A more detailed rundown of the rules of the video game can be found here: IloMilo Rules. The robots will play the game the same as the characters in the video game; however, they will move around the maze rather than manipulating the maze itself.
Mission Profile
The robots will navigate a 6’x6′ field of play using an LDC (Inductance to Digital Converter) sensor shield to sense an invisible copper grid beneath them. Blocks will be placed randomly on the field of play and the robots will have to autonomously navigate around them and find each other using proximity sensing. As the robots move through the field of play, the robots will appear to be sizing up the obstacles with the movement of their torso and eyes to distinguish between the blocks and the other robot. The robots will have to find each other within 15 minutes.
Project Features
Robot Chassis
Internal Joystick for head movement
These are the key mechanical aspects/final chassis mock ups of the robot. All of the electrical systems for the robot’s function will be housed inside the chassis so that the aesthetic of a cute mushroom-shaped robot will be maintained.
Requirements
The requirements include the applicable higher organization design codes and regulations, as well as the requirements specific to our robot.
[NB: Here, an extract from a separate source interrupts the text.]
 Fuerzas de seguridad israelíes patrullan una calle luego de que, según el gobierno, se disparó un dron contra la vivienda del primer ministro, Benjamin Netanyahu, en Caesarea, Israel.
The Level 1 requirements are of high order and are provided for the mission, basic operation, assembly and disassembly, and logistics of the whole project. Level 2 requirements branch from the Level 1 requirements and show in greater detail the requirements involved in each Level 1 requirement.
Engineering Standards and Constraints
The IloMilo Spring 2020 project team adheres to higher Engineering bodies that give standards, codes, and regulations when a toy is built. The applicable standards are listed below.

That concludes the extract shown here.